İnsanın tutku ve ilgi duyduğu her alanda başarılı olması kaçınılmazdır.
Mehmet Ergün’le geçen Cuma günü Radyo Mega’da Kıvılcım programında iki saatlik söyleşi yaptım.
Yaptığım her programda konuğumla empati kurmaya çalışırım. Bu durum, karşı tarafı anlamakta müthiş bir avantaj ve kolaylık sağlıyor.
Bazen kendimi öyle kaptırırım ki; yeni bir soru sormayı, programa yön vermeyi unuturum.
Zaten hiçbir zaman programın daha fazla dinlenmesi veya izlenmesi adına farklı beklentiler içine girmedim. Programı dinleyen bir vatandaş, eğer samimiyet bulamayacaksa tabi ki; başka istasyonlara geçecektir. Öyleyse önce samimiyet… Neyse… Olayın bu boyutu uzadıkça uzayabilir…
Yıllardır fındığı tartışıyoruz. Gerçekten de bu konuda kangren halini almış sorunlarımız bitecek gibi değil…
“Fındığa alternatif ürün” sözünü duyunca ben de büyük tepki gösterirdim.
Ancak gelinen noktada gördük ki; daha güzel bir yaşam için farklı arayışlara girmek kaçınılmaz…
İşte biz yıllardır bunu yapamadık… Değişemedik ve değişimin kendisini aklımıza dahi getirmedik…
Çünkü bizim fındığımız vardı ve o bize bakardı.
Bu bölgede alternatif ürün denince aklımıza gelen ilk meyve kivi olmuştur. Oysa kivinin bu bölgede aranan kan olmadığı görülmüştür.
Kividen başka alternatif olmadığı zannedilen bir süreçte Mehmet Ergün çıkıp bambaşka şeyler söylüyor.
Bir Afrika ülkesi olan Nijerya’da bodur meyve fidancılığı işi yapan üniversite mezunu karı kocanın tarım ülkesi olan Türkiye’ye turist olarak gelebildiğini söylüyor.
Kaç Türk çiftçisi veya üreticisi bırakın Nijerya’yı her hangi bir ülkeye geziye gidebiliyor?
Mehmet Ergün “Bu işi yaparsanız cebiniz para görür.” diyebilecek kadar da kendinden emin…
Ve isteyen herkese de yardımcı olmaya hazır… Hem de iyi niyetle ve azimle…

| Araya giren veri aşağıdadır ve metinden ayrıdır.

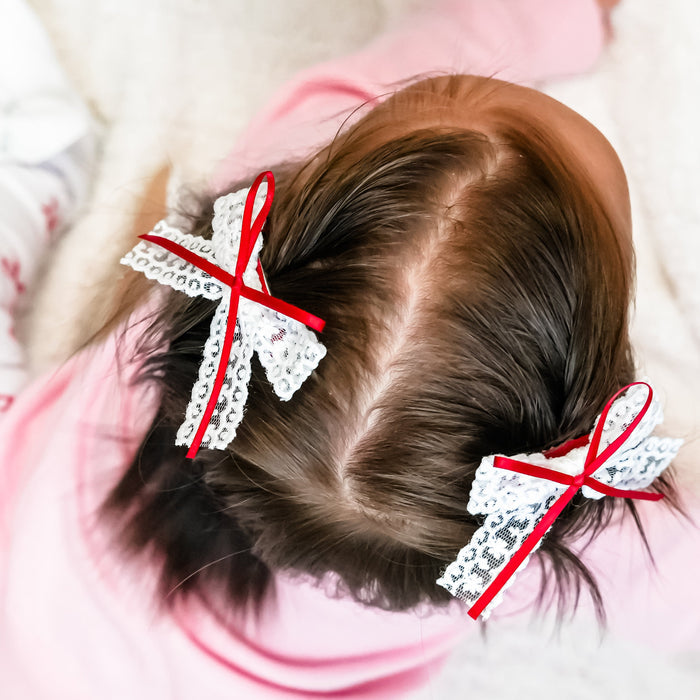 baby girl in pigtail clips with white lace and red ribbon detail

Yalnızca bir pavlonya ağacı bile bu bölgenin ekonomik ve sosyal talihsizliklerine son verebilir…
Hangi tarım ürününde 5 yılda servet edinebilecek kadar gelir elde edebilirsiniz?
Pavlonyayı sadece örnek veriyorum… Bunun cevizi var, kirazı var, eriği var, çiçeği var… Var oğlu var…
Eeeee? Geriye ne kalıyor?
Her halde zengin olmayı istemek kalıyor? Bu kadar basit…
İster miyiz peki?
Bilemiyorum ki… Neticede tuhaf bir toplumuz.